WHAT NEEDS TO BE DONE → Return all the entries exactly. No pictures.

DATA TO USE →

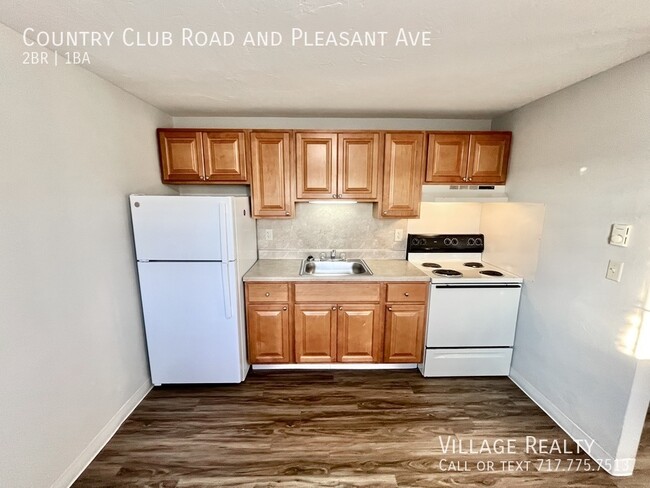 Building Photo - New Cabinets & Flooring! Large 2-bed w/ ea...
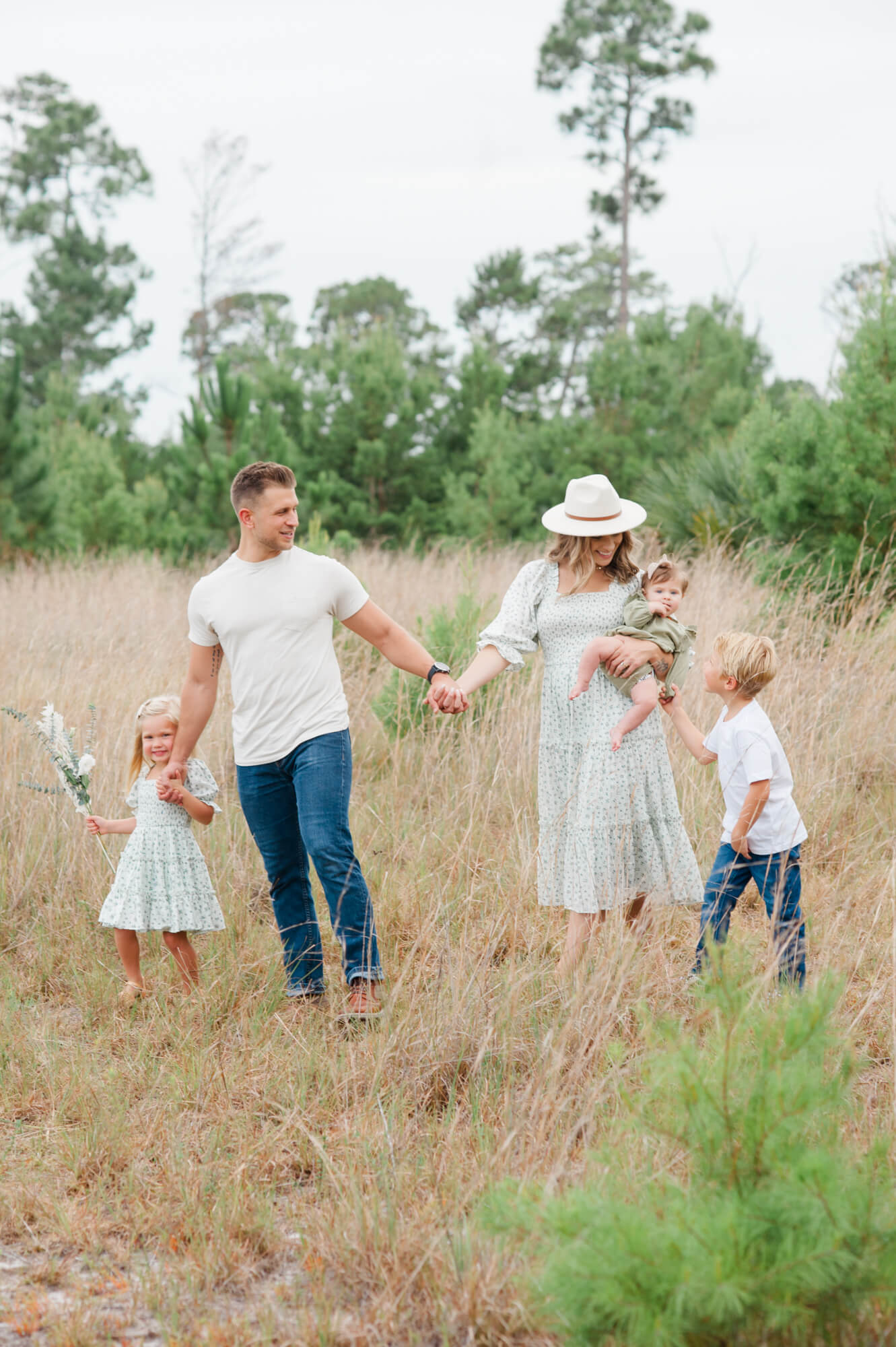 Family of five walking hand in hand in a tall grass field on a gloomy day Coastline family chiropractic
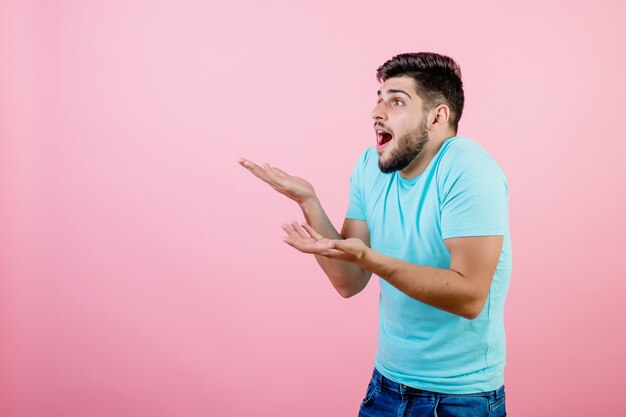 Sorprendido chico del Medio Oriente señalando con la mano a copyspace y gritando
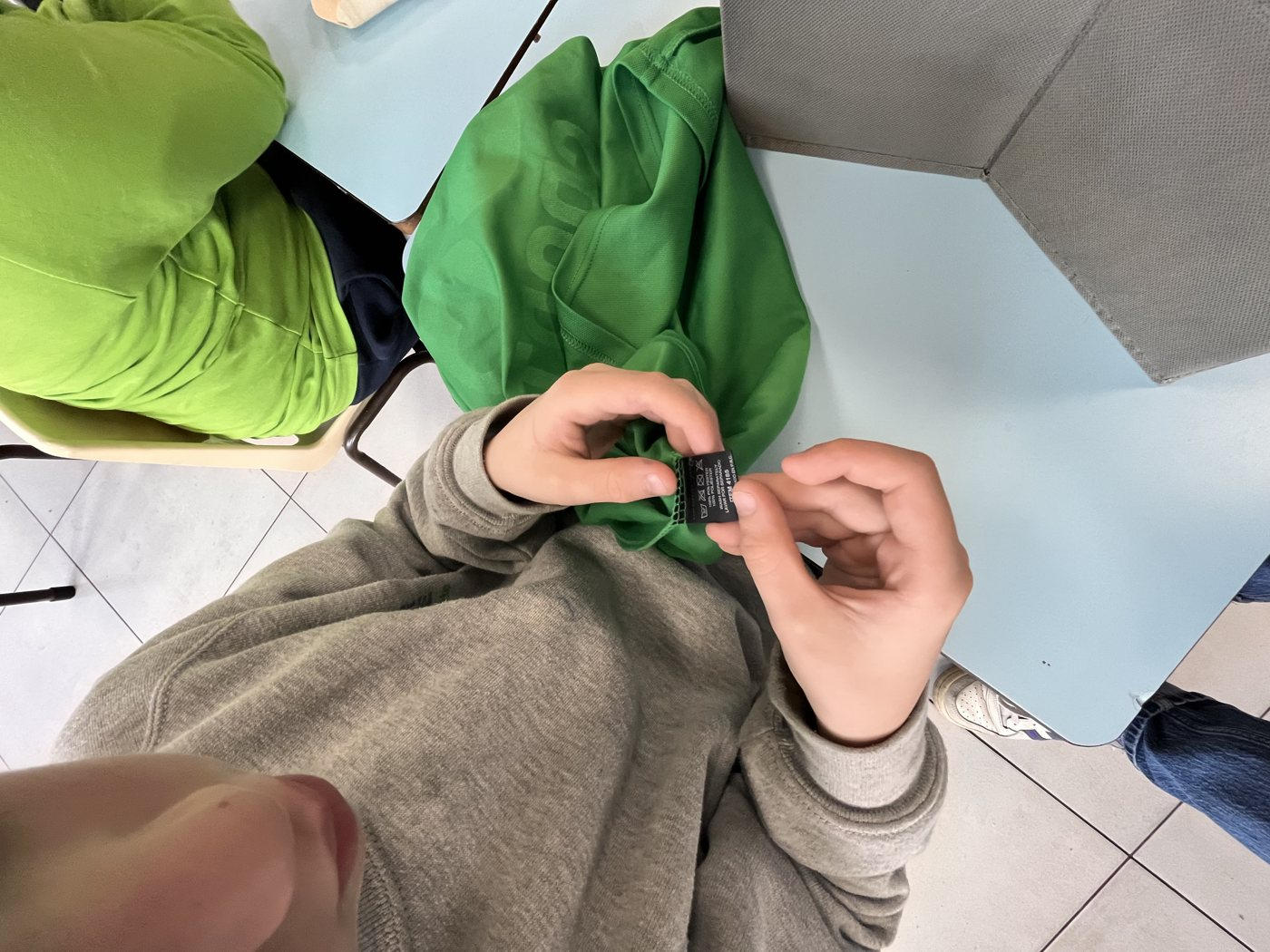 Un élève lit l'étiquette d'un vêtement pour y trouver du plastique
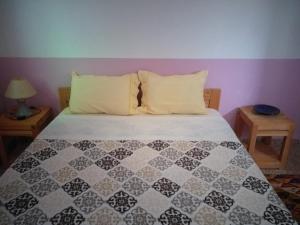 Uma cama ou camas num quarto em Gite Tigmi Azrur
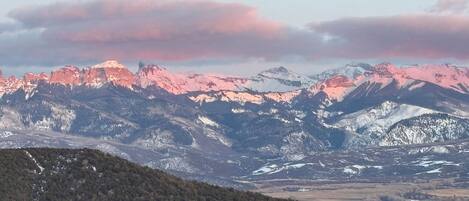 A mountainous landscape with snow-capped peaks and a valley below.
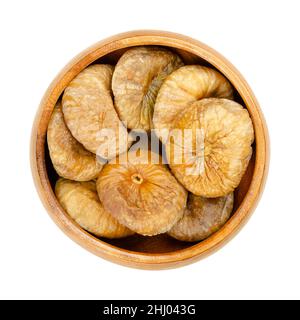 Getrocknete Feigen in einer Holzschale. Sonnengetrocknete, reife und ganze Feigen, essbare und ungekochte Früchte von Ficus carica, einem beliebten Snack im Winter. Stockfoto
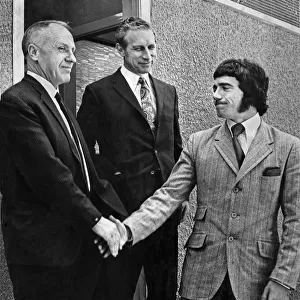 Kevin Keegan signs for Liverpool. Here he is pictured shaking hands with his new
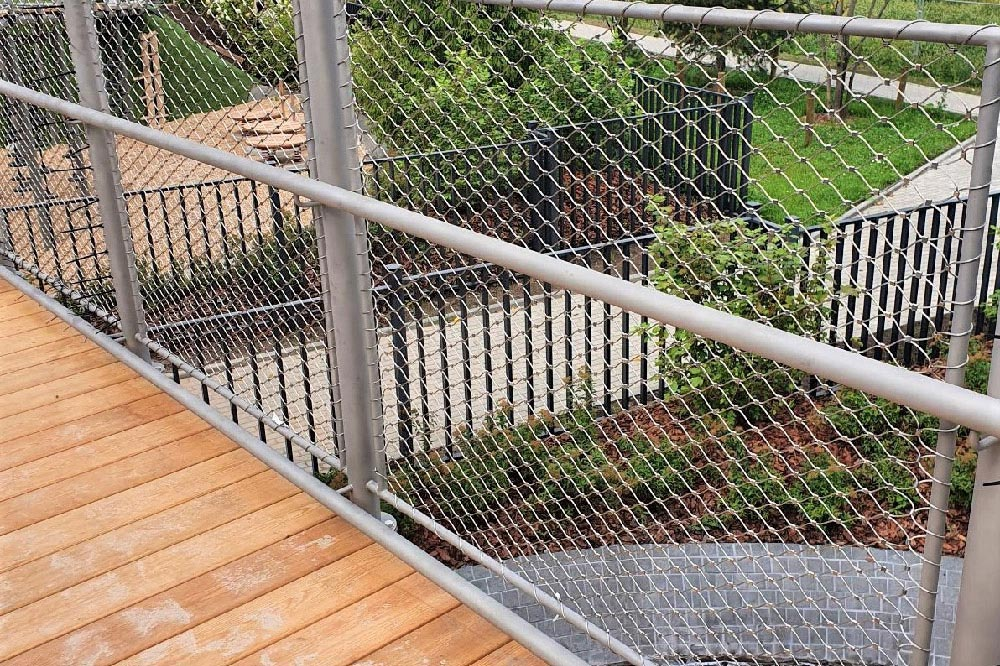 Wide shot timber walkway full length stainless mesh balustrade both sides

EXERCISE RESPONSE →
 Building Photo - New Cabinets & Flooring! Large 2-bed w/ ea...
 Family of five walking hand in hand in a tall grass field on a gloomy day Coastline family chiropractic
 Sorprendido chico del Medio Oriente señalando con la mano a copyspace y gritando
 Un élève lit l'étiquette d'un vêtement pour y trouver du plastique
 Uma cama ou camas num quarto em Gite Tigmi Azrur
 A mountainous landscape with snow-capped peaks and a valley below.
 Getrocknete Feigen in einer Holzschale. Sonnengetrocknete, reife und ganze Feigen, essbare und ungekochte Früchte von Ficus carica, einem beliebten Snack im Winter. Stockfoto
 Kevin Keegan signs for Liverpool. Here he is pictured shaking hands with his new
 Wide shot timber walkway full length stainless mesh balustrade both sides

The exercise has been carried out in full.